— Problem statement —
If a line in the entries contains the string "Building", include that line in your answer.
+ + +
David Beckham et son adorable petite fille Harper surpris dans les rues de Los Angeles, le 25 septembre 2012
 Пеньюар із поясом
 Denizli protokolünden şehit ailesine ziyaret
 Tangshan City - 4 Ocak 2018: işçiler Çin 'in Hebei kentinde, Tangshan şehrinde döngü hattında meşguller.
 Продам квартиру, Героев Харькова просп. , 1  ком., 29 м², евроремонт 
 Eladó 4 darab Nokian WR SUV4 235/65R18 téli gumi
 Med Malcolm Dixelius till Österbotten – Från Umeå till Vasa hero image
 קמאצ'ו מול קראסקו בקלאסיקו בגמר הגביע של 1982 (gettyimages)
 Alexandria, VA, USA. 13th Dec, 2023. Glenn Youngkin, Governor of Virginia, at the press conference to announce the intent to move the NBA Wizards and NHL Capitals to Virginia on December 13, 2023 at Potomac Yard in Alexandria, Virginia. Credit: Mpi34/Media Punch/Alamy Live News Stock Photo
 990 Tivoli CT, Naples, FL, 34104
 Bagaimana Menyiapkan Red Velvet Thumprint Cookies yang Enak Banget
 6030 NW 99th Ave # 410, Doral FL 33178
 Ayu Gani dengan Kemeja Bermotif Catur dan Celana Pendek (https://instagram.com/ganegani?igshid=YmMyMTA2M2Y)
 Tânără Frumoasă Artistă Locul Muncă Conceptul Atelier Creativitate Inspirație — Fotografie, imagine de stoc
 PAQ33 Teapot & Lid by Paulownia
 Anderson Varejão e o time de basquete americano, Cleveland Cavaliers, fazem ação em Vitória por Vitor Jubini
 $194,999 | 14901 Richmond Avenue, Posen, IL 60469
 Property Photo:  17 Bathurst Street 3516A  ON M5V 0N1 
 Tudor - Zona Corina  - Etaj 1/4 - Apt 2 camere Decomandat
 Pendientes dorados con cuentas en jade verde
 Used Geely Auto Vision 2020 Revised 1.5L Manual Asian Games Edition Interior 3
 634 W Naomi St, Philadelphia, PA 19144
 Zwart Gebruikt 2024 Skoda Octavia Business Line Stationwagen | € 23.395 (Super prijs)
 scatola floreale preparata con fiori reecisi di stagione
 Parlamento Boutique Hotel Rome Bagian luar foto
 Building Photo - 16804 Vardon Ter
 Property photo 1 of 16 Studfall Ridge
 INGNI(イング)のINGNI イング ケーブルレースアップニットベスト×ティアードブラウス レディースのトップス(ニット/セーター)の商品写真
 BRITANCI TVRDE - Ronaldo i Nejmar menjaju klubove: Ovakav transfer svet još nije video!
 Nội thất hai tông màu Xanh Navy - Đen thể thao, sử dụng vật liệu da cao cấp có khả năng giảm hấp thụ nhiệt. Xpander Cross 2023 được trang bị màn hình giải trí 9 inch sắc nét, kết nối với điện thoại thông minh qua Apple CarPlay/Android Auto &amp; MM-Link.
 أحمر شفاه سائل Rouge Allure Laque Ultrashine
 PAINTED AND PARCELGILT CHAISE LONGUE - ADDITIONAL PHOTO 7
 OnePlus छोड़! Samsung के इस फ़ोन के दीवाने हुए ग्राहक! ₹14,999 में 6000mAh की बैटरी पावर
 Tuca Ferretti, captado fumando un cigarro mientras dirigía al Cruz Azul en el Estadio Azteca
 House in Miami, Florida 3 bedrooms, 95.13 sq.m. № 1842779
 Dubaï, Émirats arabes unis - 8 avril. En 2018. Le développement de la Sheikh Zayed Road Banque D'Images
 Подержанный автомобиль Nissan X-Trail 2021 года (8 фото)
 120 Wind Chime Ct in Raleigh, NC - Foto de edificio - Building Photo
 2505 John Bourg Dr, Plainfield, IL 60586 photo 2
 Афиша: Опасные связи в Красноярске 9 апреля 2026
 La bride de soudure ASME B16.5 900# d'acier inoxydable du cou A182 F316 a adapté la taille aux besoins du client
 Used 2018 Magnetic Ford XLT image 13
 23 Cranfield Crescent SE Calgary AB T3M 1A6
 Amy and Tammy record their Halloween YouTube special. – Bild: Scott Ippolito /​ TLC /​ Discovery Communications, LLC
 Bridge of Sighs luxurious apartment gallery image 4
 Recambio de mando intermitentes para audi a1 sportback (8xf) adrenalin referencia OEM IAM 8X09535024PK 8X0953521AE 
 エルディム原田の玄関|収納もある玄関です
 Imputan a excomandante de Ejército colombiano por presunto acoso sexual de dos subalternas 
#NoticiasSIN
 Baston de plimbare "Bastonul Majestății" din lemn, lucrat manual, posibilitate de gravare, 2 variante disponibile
+ + +
— Answer —
 Building Photo - 16804 Vardon Ter
 120 Wind Chime Ct in Raleigh, NC - Foto de edificio - Building Photo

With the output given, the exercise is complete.